Parallel CI jobs from file globs
Proposal
The parallel
keyword in CI job definitions already accepts the matrix
keyword, which simplifies the creation of near-identical jobs where only a few parameters differ.
The matrix
keyword currently only allows a fixed list of values for the variables. When these variables refer to files or directories, this means that adding a new file that needs to be included in the CI jobs also requires modifying the pipeline definition.

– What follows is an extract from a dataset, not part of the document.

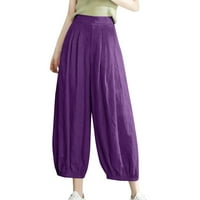 Visoke pantalone za nogu visokog struka za žene povlačenje palazza hlača labave bager-joge hlače sa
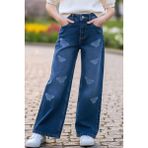 Breeze Kız Çocuk Jean Pantolon Kelebek Nakışlı 5-9 Yaş, Mavi - 5 Yaş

My proposal is to allow the deifiniton of parallel:matrix
-like variables with glob or regex patterns, that would match files in the repository. Then, one matrix variant would be created for each file found matching the pattern.
Compared to a shell for
loop (which is the current way to do this), this would have the following advantages:
- Each file is processed in an independant job, isolated from the side effects of other executions
- The files can be processed by several runners concurrently, while a shell
for
can only be processed by a single runner - Each command can be written in its own item of the
script
list, allowing to record job failure as soon as one of them fails, instead of waiting for the loop to end - Each instance would have its own status, so successful executions won't need to be retried if only one file caused a failure
The examples below assume the use of the keyword parallel:files
, contaning a map where the key is the variable name and the value is a glob pattern. This does not need to be the final version.
Examples and use cases
Building and pushing several variants of a Docker image (note the use of the variable $DOCKERFILE
):
build-images:
image: docker:stable
services:
- docker:dind
stage: build
script:
- docker login -u gitlab-ci-token -p $CI_JOB_TOKEN $CI_REGISTRY
- docker build -f $DOCKERFILE -t $CI_REGISTRY/$CI_PROJECT_PATH:${DOCKERFILE#Dockerfile.}
- docker push $CI_REGISTRY/$CI_PROJECT_PATH:${DOCKERFILE#Dockerfile.}
parallel:
files:
DOCKERFILE: "Dockerfile.*"
Building several .NET projects, combined with additional parallel:matrix
variables for other build parameters (note the use of the variable $PROJECT
):
build-images:
image: example.com/ci-images/dotnet-cli
stage: build
script:
- dotnet publish -o $CONFIGURATION/$RUNTIME/$PROJECT -c $CONFIGURATION -r $RUNTIME $PROJECT
parallel:
matrix:
- CONFIGURATION: ["Debug", "Release"]
RUNTIME: ["win-x86", "win-x64", "linux-x64", "osx-x64", "osx-arm64"]
files:
PROJECT: "**/*.csproj"
Limitations
- The same limits as with other uses of
parallel
(especially regarding the maximum number of jobs created this way) will have to be enforced. This is especially true in the second example, in which only 5csproj
files anywhere in the repository would be enough to reach the 50 jobs limit. - The matrix-based parallelization and file-based parallelization may need to be mutally exclusive
- This feature may need to be restricted to files already in the repository, disallowing the use of files from cache or artifacts (artifacts-based parallelization might be a desired feature, but not in the scope of this issue)